As expected, by the time I got to check-out I had bought a lot more than just milk and bread. In fact, I'd ended up buying four large Trader Joe's paper bags worth of food; quite a lot of shit if you're carrying this all on your own. This also meant my commute home wouldn't be as leisurely, since I'd have to catch a bus and then eventually carry those bags up a five floor walk-up. I don't have an elevator. This is also how I maintain my incredibly muscular legs, by the way.
As I waited for the bus, I saw someone unmistakably familiar walking down 3rd Avenue towards my bus stop. The long and thick curly hair dyed blond was a dead giveaway: this was Lindsay, a former student of mine from my first year of teaching. She was one of my favorites. She smiled and waved at me.
"Oh my God Mista, what's uppppp?!"
"Lindsay! Dude, so nice to see you!
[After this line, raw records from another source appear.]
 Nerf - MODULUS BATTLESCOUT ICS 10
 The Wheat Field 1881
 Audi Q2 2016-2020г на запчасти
What are you doing in my neck of the woods?" I asked.
"Mista, I live in Alphabet City... you're in my hood!" Lindsay laughed.
"Ha! Wow, I didn't know that. So, what are you up to? It's been like, a year now since I've seen you..." I casually asked. I remembered how bubbly Lindsay was in class. I actually missed teaching her. She was one of those students who made you feel good about what you were doing, in terms of teaching as a profession. She was super bright, and had unlimited potential. Unfortunately, she'd dropped off the face of the planet after my first year of teaching. She claimed she couldn't take going to high school anymore, and that she was too far behind to consider taking classes seriously. Since she was eighteen, she signed herself out. In that moment, I'd forgotten that part.
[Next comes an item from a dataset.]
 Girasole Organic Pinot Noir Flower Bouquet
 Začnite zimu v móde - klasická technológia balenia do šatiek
Lindsay looked embarrassed, which I didn't expect. When she had signed out of school, her counselors given her the contact information to a GED program. I guess that didn't happen. "I know... I haven't even taken a GED class yet, Mista. Life is mad busy right now. There's been mad work and the money is good, you know?"
I'd heard this before, but I didn't think I'd hear it from her. "Yeah, but come on Lindsay. Think. How long before you stop getting a pay raise? You can't expect to make a solid living easy without a diploma or specialized training. We've talked about this." I was getting irritated, which I hoped she couldn't tell, but I am horrible at hiding irritation once I feel it. Keyword: feel.
"I know Mista, don't worry. I'll take the class at some point."
My bus pulled into the stop and the conversation was cut short. We said our goodbyes and as I made my way home, I couldn't help but wonder what the fuck I could do for someone like her. How do I just keep teaching math and ignore the larger issue? I thought about students growing up in this country without anyone to teach them what to value, or how to limit instant gratification. I thought about how this country's most marginalized kids are being distracted and disillusioned by the promise of a minimum wage gig. I thought about my wife's nephew, who at the time was learning how to make animated PowerPoint presentations in elementary school while my students who were about to hit twenty-years old were asking me to teach them how to use Google Documents. Yet simultaneously, they're damn good at uploading pictures of themselves holding a stash of hundred dollar bills on Instagram. #WTF
Needless to say, that bus ride home sucked.